Mutsuto "Bill" Ryusaki was a pioneer of Kenpo in the United States.

==Early life==
Bill Ryusaki was born October 14, 1936, in Kamuela, on the big island of Hawaii. Being the sixth child of twelve siblings (seven brothers and four sisters) his father, Torazo Ryusaki, named him Mutsuto meaning "Sixth Child." It wasn't until fourth grade when he received the name, Bill, from his teacher who was unable to pronounce his birth name.

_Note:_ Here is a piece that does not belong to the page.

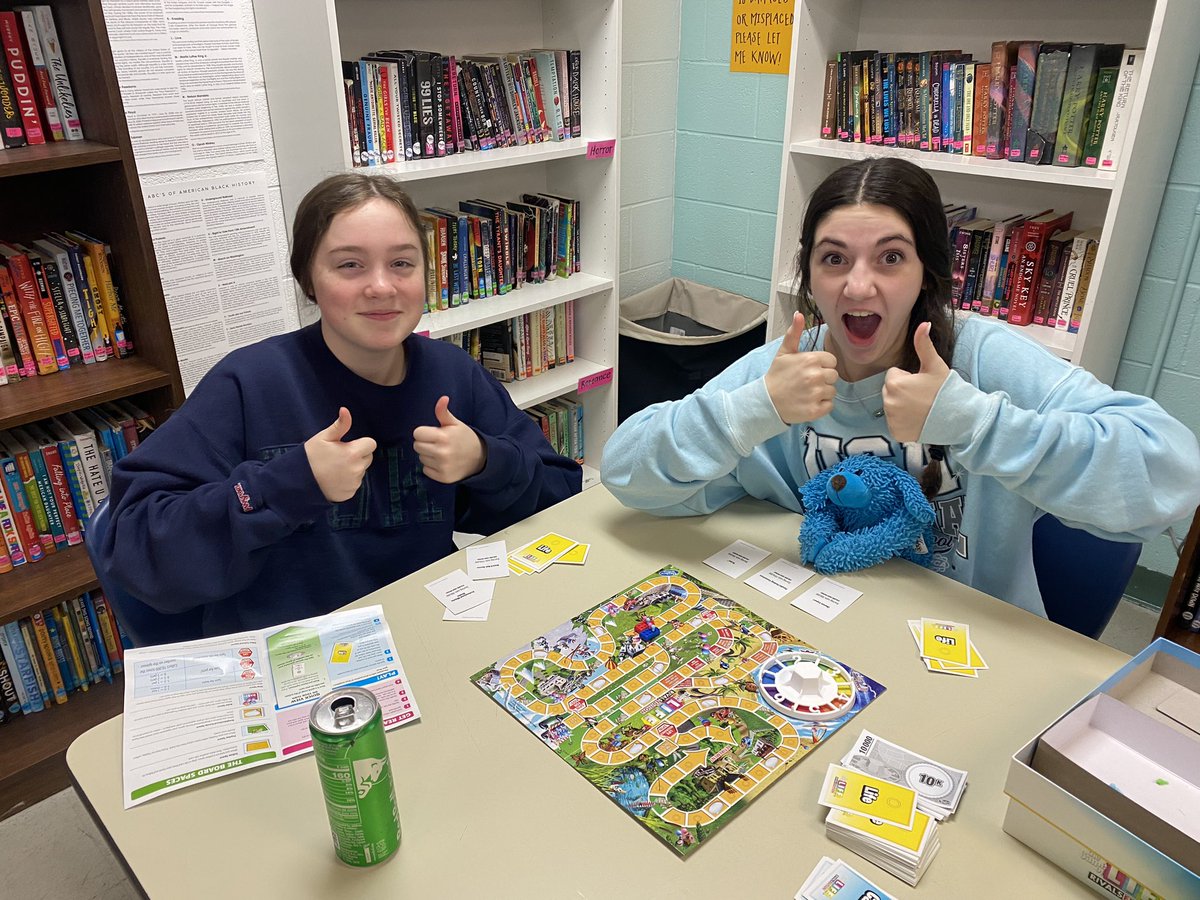 lauren_allinder's tweet photo. #AllindersAngels ended the 3rd 9 weeks with a game day focusing on friendliness and support. 🫶🏼🎉 @TweetDCS_HMS https://t.co/wQOZCYnDtN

Torazo Ryusaki held black belts in both Kodokan Judo and Shotokan Karate, and made it mandatory that all of his sons train in two styles of Martial Arts.

Bill Ryusaki trained in Shotokan Karate and Judo while his brothers trained in Kendo, Aikido, and Judo. Bill's older brothers would often use him as their practice dummy. At 19 years old, Ryusaki went to study at the University of Hawaii. He soon started training in Kenpo privately with Marino Tiwanak (a famous Hawaiian Boxer).

==Military career==
Ryusaki was drafted into the U.S. Army and made his way to the Fort Ord military base in California. He was originally a military range finder, until a high-ranking officer got word of Ryusaki's martial art skills because of a fight that broke out on base. He then became advanced infantry where he taught hand-to-hand combat at Fort Benning, Georgia.

==Professional life==
Ryusaki returned to California, where Marino Tiwanak told him to meet Ed Parker (American Kenpo). Ryusaki and Parker trained together and became pioneers of Kenpo Karate on the mainland of the United States. Parker asked Ryusaki to help with John Leoning and actor Poncie Ponce's dojo. In 1962 Ryusaki opened his own dojo combining his unique style of Judo, Jujitsu, Shotokan, Kenpo, and Aikido to become the founder of Ryu Dojo, Hawaiian Kenpo. He dedicated his school to his father, Torazo, to show his love and appreciation for all that is father had taught him. GM Ryusaki holds a tenth degree (Ju-Dan) in Hawaiian Kenpo and, a seventh-degree in Judo, as well as black belts in Shotokan and Aikido. Ryusaki has trained thousands of students including Dan Guzman, Erick Schumann and family, Otto Estuardo Schumman, Benny "The Jet", Arnold Urquidez Sr., and Cecil Peoples, and actor Bryan Becker.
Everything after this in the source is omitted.